In an effort to inform discussions of power system reliability, researchers at Lawrence Berkeley National Laboratory (LBNL) conducted an assessment of trends in electrical interruptions experienced by U.S. consumers. The analysis considered up to ten years of electricity reliability information collected from a convenience sample of 155 U.S. electric utilities, which account for roughly 50 percent of total U.S. electricity sales. (A convenience sample is one based on readily available information rather than strictly randomized surveying.)
Using statistical methods that account for utility-specific effects, LBNL found that reported reliability has been getting worse over time: The reported average duration and frequency of power interruptions has been increasing at a rate of approximately 2 percent annually.
Although these findings are statistically significant, it is important to place them in the appropriate context. These average annual trends are modest in comparison to the routinely larger year-to-year variations in the average duration and frequency of power interruptions experienced by utility customers. This means that in any year, while the average customer may experience varying numbers of service interruptions or outage lengths, the overall trend is towards declining reported reliability.
LBNL makes no claims regarding the applicability of these findings to the reliability of the U.S. electric power system as a whole. Strictly speaking, these findings apply only to the sample of utilities from which LBNL was able to collect reliability information. Some regions of the country are under-represented and the analysis is based largely on information from investor-owned utilities.
In an effort to explore potential sources of measurement error, LBNL found statistically significant evidence that the installation or upgrade of an automated outage management system correlates with an increase in the reported duration of power interruptions. This finding confirms anecdotal evidence long suspected within the industry that reliance on older manual measurement methods results in under-reported reliability.
This suggests that the more accurate measurement of reliability, rather than lower actual reliability, "explains" the statistically significant trend of decreasing reported reliability over time. That is, if service interruptions are counted more accurately, it might appear that there are more or longer interruptions. However, the analysis takes this factor into account explicitly by accounting for utility-specific effects and still found statistically significant secular trends of declining reliability over time.
In the study, LBNL went on to examine a potential source of measurement bias in the form of utility reporting practices. They found that reliance on IEEE Standard 1366-2003 correlates with higher average reported reliability compared to reliability reported using locally established reporting standards. Taking this into account, the trend of decreasing reported reliability over time remains statistically significant and is approximately at the same magnitude—that is, decreasing at roughly 2 percent annually.
In summary, consideration of the two potential sources of measurement error and bias did not change the direction of these trends nor their statistical significance. With these findings, the focus can now be turned towards understanding the causal factors to explain the observed trends.
LBNL has begun this process by examining potential links with aggregated measures of weather variability (for example, heating and cooling degree days) and a simple measure of utility size. To date, we have found neither to be statistically significant.

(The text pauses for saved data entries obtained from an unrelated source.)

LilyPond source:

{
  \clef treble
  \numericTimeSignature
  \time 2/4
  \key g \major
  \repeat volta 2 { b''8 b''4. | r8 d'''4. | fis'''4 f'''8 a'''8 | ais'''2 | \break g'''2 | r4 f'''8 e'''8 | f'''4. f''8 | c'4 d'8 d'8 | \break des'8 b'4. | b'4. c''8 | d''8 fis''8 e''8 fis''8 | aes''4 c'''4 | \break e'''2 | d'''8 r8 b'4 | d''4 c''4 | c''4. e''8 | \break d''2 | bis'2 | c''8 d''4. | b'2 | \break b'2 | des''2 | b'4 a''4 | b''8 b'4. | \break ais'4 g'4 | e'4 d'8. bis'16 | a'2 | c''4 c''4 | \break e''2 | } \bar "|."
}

In the future, there are several factors LBNL believes should be considered to better understand the drivers behind these trends. These factors include: more disaggregated measures of weather variability such as lightning strikes and severe storms; utility characteristics, like the number of rural versus urban customers, or the extent to which transmission and distribution lines are overhead versus underground; and utility spending on transmission and distribution maintenance and upgrades, including advanced smart grid technologies such as the smart grid.
The author hopes this work will help solidify the factual basis upon which future decisions about U.S. reliability policy, practices and technology will be made.

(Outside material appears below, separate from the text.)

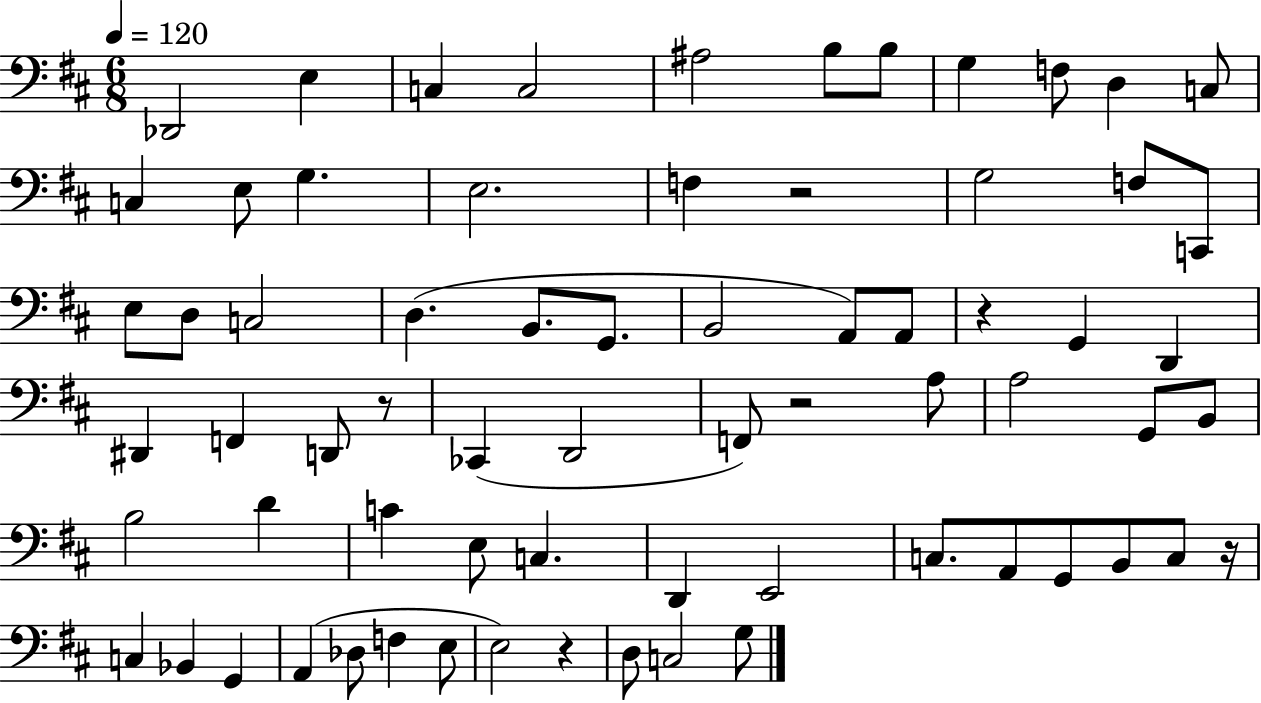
Db2/h E3/q C3/q C3/h A#3/h B3/e B3/e G3/q F3/e D3/q C3/e C3/q E3/e G3/q. E3/h. F3/q R/h G3/h F3/e C2/e E3/e D3/e C3/h D3/q. B2/e. G2/e. B2/h A2/e A2/e R/q G2/q D2/q D#2/q F2/q D2/e R/e CES2/q D2/h F2/e R/h A3/e A3/h G2/e B2/e B3/h D4/q C4/q E3/e C3/q. D2/q E2/h C3/e. A2/e G2/e B2/e C3/e R/s C3/q Bb2/q G2/q A2/q Db3/e F3/q E3/e E3/h R/q D3/e C3/h G3/e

Joseph H. Eto, an IEEE member, is a staff scientist at the Lawrence Berkeley National Laboratory where he manages a national lab/university/industry R&D partnership called the Consortium for Electric Reliability Technology Solutions (CERTS). He has been involved in the preparation of every major electricity policy study conducted by the U.S. Department of Energy over the past decade, including the Power Outage Study Team (2000), the National Transmission Grid Study (2002), the US-Canada Final Report on the August 14, 2003 Blackout and both DOE National Electric Transmission Congestion Studies (2006 and 2009). He holds an AB in philosophy and an MS in energy and resources, both from the University of California at Berkeley, and is a registered professional mechanical engineer in the state of California.